PROBLEM TO SOLVE.
Copy exactly the stretch of data below from the line with "The brain of" through the line with "The two wires", including both of those lines.

THE INPUT.
# # #

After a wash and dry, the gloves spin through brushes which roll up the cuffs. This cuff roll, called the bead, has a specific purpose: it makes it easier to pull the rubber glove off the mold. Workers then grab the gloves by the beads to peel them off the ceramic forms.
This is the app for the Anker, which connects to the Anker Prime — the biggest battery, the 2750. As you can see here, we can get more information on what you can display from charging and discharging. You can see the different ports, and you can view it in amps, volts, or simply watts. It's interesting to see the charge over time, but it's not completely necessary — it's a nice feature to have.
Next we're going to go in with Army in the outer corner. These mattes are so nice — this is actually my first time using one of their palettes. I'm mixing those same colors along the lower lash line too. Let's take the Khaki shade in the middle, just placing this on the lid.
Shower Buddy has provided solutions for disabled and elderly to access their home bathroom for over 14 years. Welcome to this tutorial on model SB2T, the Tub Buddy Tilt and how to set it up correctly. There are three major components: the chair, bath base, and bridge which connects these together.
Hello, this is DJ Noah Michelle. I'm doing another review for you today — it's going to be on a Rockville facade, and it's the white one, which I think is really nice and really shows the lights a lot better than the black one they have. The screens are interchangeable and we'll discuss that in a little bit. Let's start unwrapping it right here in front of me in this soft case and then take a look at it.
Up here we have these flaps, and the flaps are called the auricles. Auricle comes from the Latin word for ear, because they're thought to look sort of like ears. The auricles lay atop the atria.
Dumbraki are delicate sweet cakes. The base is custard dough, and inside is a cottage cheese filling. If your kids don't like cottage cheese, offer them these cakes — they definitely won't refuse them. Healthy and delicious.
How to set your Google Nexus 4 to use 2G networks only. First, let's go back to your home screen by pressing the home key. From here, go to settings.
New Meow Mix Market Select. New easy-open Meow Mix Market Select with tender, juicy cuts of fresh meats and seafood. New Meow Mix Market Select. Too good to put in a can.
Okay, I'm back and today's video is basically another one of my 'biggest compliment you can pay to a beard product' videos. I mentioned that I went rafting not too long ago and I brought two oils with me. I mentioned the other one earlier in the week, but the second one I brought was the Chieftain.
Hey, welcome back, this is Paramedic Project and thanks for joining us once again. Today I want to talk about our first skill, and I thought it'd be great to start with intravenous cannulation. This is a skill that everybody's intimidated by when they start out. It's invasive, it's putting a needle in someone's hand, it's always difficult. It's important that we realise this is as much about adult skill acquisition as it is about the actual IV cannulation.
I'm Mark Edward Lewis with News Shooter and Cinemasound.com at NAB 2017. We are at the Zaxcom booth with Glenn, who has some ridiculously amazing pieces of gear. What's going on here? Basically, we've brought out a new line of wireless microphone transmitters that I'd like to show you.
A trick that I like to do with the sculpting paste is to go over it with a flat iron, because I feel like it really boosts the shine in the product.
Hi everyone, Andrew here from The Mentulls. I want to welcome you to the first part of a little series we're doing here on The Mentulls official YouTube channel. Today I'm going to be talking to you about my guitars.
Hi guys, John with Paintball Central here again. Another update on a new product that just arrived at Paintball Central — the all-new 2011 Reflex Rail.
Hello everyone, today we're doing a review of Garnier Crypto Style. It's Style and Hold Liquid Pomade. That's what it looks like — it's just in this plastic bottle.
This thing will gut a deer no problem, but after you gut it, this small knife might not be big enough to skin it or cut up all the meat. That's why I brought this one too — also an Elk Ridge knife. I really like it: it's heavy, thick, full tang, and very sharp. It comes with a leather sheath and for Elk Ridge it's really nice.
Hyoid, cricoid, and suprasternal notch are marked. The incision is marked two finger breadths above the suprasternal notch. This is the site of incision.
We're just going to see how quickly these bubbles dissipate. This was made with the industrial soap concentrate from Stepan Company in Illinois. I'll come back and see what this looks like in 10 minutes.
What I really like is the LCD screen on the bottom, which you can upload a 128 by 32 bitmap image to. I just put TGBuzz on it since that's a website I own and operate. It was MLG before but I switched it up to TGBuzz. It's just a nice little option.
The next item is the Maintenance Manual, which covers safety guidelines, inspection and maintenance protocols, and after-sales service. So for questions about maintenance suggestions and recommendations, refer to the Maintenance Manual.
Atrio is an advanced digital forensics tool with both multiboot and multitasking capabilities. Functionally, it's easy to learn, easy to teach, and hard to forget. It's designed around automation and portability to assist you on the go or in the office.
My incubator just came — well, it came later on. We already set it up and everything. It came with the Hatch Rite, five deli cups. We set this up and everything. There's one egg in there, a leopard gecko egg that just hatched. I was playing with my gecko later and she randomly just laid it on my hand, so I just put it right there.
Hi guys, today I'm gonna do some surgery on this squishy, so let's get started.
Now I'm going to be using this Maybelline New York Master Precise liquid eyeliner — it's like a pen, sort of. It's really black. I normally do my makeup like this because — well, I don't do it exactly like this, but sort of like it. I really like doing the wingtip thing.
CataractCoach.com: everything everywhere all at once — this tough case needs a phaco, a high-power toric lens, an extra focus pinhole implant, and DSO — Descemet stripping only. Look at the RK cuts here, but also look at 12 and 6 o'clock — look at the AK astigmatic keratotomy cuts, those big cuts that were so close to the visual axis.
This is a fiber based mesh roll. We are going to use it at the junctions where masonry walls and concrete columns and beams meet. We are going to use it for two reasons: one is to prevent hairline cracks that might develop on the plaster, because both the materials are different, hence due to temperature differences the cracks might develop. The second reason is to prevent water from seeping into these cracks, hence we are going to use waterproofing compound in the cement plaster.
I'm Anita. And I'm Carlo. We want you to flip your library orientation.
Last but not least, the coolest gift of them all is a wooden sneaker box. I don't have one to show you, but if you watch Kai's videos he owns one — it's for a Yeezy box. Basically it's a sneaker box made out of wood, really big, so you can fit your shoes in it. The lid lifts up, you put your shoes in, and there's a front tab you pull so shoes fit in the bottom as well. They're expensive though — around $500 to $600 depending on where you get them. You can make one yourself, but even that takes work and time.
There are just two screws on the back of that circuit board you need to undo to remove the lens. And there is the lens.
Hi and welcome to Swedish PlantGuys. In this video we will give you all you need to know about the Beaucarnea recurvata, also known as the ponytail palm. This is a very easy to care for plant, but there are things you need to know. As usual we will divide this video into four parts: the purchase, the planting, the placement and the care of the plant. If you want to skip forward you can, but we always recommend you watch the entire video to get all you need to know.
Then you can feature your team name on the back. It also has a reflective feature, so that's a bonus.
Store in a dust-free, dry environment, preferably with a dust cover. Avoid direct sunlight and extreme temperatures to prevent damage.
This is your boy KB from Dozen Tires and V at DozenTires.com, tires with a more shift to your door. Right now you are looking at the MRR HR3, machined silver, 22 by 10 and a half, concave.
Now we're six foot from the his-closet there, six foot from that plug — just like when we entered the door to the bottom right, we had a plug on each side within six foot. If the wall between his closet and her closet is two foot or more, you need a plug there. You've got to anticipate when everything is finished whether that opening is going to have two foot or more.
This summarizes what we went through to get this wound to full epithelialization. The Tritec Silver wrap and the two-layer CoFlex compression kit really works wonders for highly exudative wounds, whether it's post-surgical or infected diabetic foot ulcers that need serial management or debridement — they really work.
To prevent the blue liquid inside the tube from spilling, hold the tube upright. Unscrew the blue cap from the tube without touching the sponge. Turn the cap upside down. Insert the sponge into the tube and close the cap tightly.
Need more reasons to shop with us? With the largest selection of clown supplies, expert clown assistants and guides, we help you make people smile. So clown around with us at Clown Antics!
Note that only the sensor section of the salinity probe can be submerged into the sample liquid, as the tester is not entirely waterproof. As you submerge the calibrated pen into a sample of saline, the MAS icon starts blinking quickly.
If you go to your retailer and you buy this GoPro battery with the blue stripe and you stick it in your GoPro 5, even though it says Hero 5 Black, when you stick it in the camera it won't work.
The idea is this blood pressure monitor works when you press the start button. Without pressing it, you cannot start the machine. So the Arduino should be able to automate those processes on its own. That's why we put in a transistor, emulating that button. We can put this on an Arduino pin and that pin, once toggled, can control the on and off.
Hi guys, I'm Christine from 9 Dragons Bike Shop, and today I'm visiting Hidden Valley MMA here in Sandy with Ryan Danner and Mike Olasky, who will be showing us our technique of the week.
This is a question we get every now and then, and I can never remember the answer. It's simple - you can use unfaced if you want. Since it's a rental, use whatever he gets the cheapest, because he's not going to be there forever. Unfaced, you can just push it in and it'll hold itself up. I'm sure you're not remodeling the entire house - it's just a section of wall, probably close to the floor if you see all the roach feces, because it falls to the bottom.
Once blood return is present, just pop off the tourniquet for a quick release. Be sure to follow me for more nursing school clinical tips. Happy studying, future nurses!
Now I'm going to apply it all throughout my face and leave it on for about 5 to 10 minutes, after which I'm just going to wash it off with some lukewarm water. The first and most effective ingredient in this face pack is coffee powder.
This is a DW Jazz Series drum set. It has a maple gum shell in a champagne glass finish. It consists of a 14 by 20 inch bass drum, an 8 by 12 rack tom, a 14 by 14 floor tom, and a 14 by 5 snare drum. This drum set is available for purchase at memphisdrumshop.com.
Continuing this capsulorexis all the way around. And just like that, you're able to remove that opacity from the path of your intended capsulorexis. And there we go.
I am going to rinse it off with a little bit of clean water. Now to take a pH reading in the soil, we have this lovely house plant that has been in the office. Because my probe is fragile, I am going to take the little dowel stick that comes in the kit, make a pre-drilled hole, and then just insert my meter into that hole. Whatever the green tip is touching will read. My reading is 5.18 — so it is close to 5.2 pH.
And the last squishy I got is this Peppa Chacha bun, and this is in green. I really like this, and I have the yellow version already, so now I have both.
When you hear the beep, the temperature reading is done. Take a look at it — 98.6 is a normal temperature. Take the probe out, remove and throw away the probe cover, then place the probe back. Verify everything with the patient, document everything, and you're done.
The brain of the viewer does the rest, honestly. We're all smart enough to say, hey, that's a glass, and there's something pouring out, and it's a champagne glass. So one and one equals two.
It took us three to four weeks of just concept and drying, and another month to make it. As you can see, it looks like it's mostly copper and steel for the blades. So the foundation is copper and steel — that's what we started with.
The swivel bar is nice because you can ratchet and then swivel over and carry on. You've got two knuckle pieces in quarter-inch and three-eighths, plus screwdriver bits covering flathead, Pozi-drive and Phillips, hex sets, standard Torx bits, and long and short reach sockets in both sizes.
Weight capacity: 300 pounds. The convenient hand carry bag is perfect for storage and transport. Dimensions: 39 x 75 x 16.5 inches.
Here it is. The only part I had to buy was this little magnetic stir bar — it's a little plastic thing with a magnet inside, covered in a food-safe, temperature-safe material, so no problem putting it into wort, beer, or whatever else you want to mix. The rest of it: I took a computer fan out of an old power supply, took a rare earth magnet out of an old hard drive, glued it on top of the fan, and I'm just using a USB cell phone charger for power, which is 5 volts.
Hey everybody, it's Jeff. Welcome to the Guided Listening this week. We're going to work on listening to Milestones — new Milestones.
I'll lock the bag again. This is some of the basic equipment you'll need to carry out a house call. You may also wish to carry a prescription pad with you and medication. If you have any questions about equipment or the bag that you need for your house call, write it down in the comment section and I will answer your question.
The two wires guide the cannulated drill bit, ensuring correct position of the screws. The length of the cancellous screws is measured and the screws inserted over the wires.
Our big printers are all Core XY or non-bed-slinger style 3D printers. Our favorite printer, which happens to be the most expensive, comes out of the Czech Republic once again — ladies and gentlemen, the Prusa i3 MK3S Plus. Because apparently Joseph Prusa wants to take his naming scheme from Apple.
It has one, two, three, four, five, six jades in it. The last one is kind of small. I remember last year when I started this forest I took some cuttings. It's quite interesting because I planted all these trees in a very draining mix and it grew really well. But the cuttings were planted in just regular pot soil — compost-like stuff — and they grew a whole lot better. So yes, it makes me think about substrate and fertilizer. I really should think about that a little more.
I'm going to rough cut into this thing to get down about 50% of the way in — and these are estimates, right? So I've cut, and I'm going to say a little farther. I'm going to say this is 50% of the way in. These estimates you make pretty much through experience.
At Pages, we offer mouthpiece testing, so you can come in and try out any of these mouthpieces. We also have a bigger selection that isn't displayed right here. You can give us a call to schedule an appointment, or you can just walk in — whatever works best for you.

# # #

ANSWER BOX.
The brain of the viewer does the rest, honestly. We're all smart enough to say, hey, that's a glass, and there's something pouring out, and it's a champagne glass. So one and one equals two.
It took us three to four weeks of just concept and drying, and another month to make it. As you can see, it looks like it's mostly copper and steel for the blades. So the foundation is copper and steel — that's what we started with.
The swivel bar is nice because you can ratchet and then swivel over and carry on. You've got two knuckle pieces in quarter-inch and three-eighths, plus screwdriver bits covering flathead, Pozi-drive and Phillips, hex sets, standard Torx bits, and long and short reach sockets in both sizes.
Weight capacity: 300 pounds. The convenient hand carry bag is perfect for storage and transport. Dimensions: 39 x 75 x 16.5 inches.
Here it is. The only part I had to buy was this little magnetic stir bar — it's a little plastic thing with a magnet inside, covered in a food-safe, temperature-safe material, so no problem putting it into wort, beer, or whatever else you want to mix. The rest of it: I took a computer fan out of an old power supply, took a rare earth magnet out of an old hard drive, glued it on top of the fan, and I'm just using a USB cell phone charger for power, which is 5 volts.
Hey everybody, it's Jeff. Welcome to the Guided Listening this week. We're going to work on listening to Milestones — new Milestones.
I'll lock the bag again. This is some of the basic equipment you'll need to carry out a house call. You may also wish to carry a prescription pad with you and medication. If you have any questions about equipment or the bag that you need for your house call, write it down in the comment section and I will answer your question.
The two wires guide the cannulated drill bit, ensuring correct position of the screws. The length of the cancellous screws is measured and the screws inserted over the wires.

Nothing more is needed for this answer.